■ Work instructions:
The entries below contain pictures. Write out only the lines from the line with "Задник к фильму" up to and including the line with "Audi A3 Sedan SLine 2018", exactly, without them.

■ Supplied material:
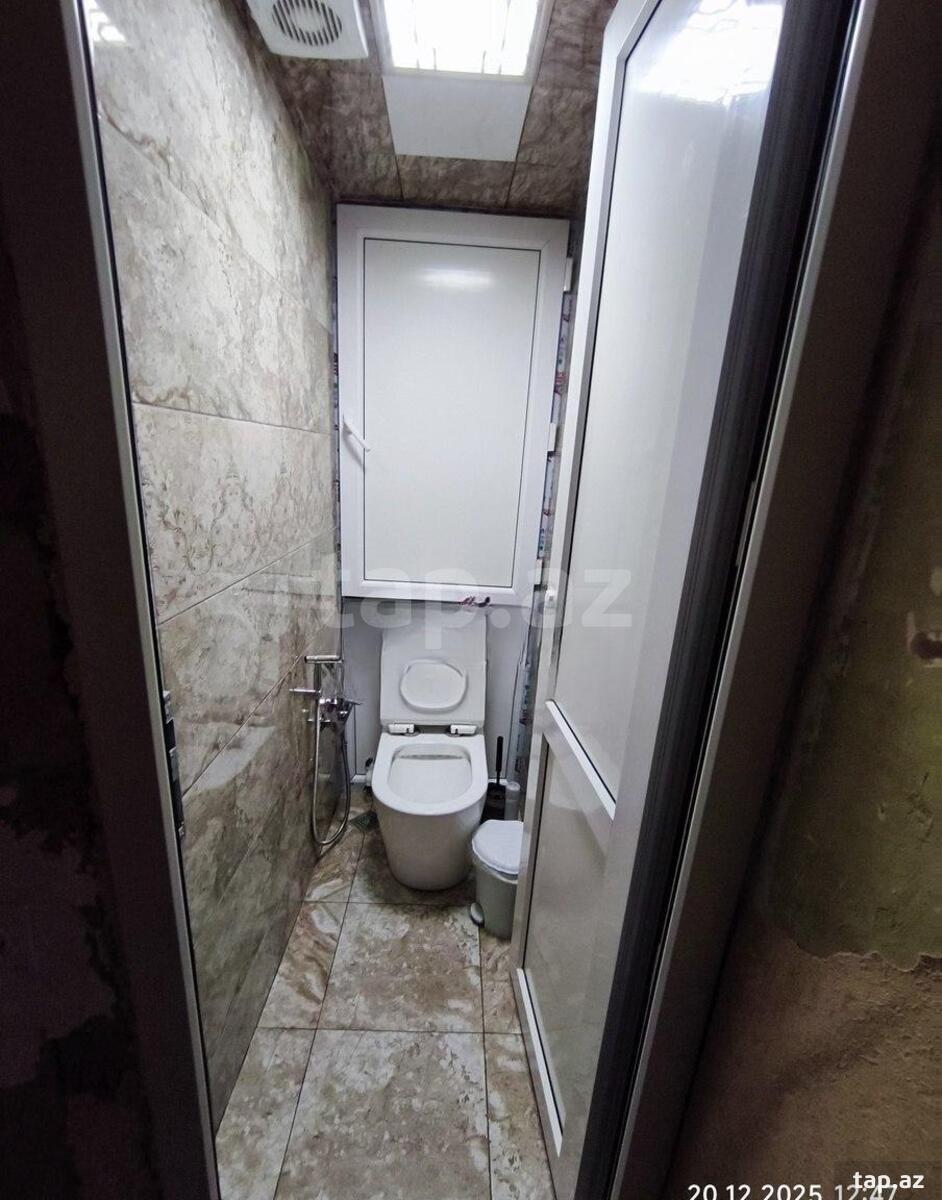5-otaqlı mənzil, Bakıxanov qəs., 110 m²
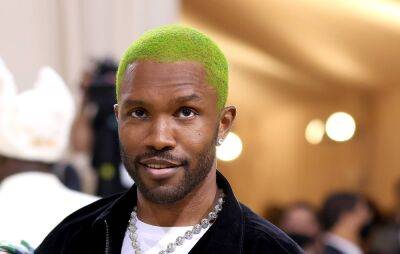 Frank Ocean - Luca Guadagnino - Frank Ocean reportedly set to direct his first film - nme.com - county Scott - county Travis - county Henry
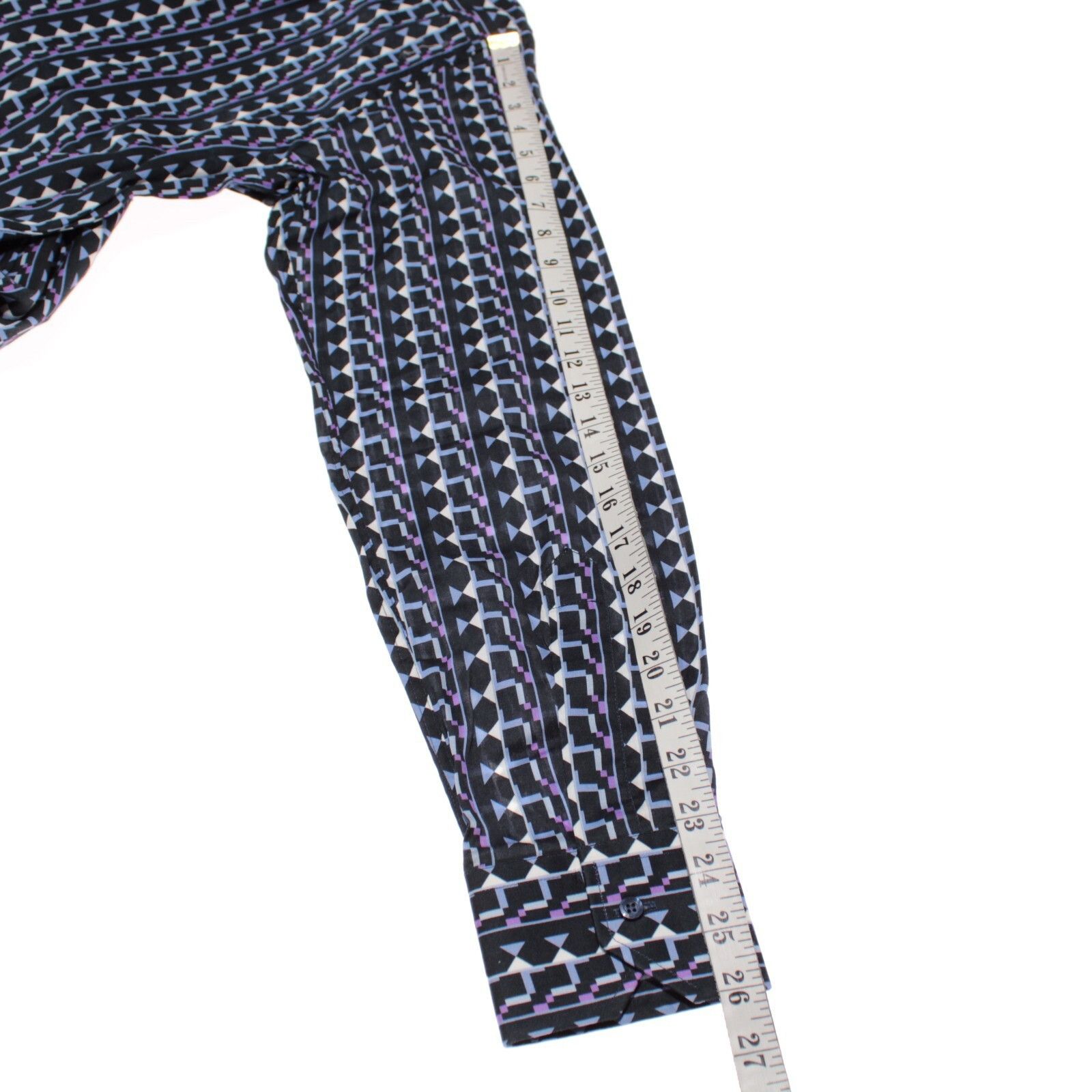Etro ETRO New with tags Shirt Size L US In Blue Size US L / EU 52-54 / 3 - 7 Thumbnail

--

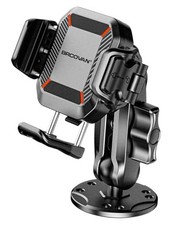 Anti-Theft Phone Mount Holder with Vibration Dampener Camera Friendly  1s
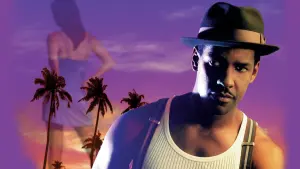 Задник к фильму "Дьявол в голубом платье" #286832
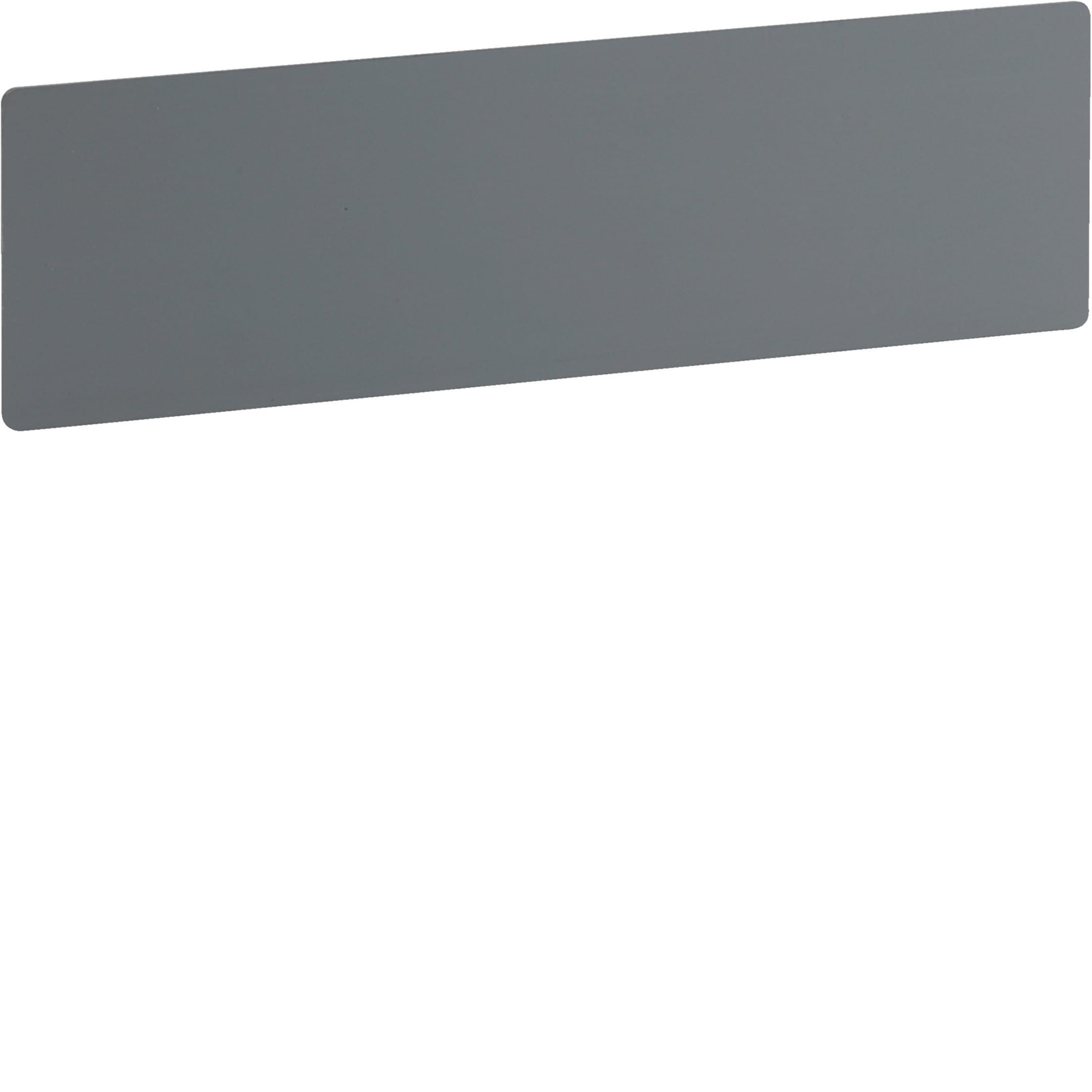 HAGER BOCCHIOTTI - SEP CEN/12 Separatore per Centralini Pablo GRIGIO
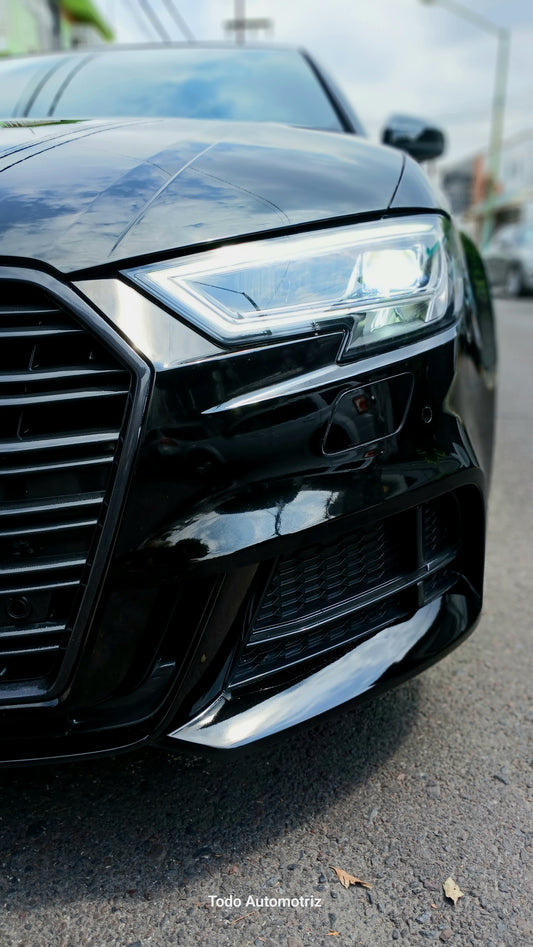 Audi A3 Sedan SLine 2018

■ Written response:
 Задник к фильму "Дьявол в голубом платье" #286832
 HAGER BOCCHIOTTI - SEP CEN/12 Separatore per Centralini Pablo GRIGIO
 Audi A3 Sedan SLine 2018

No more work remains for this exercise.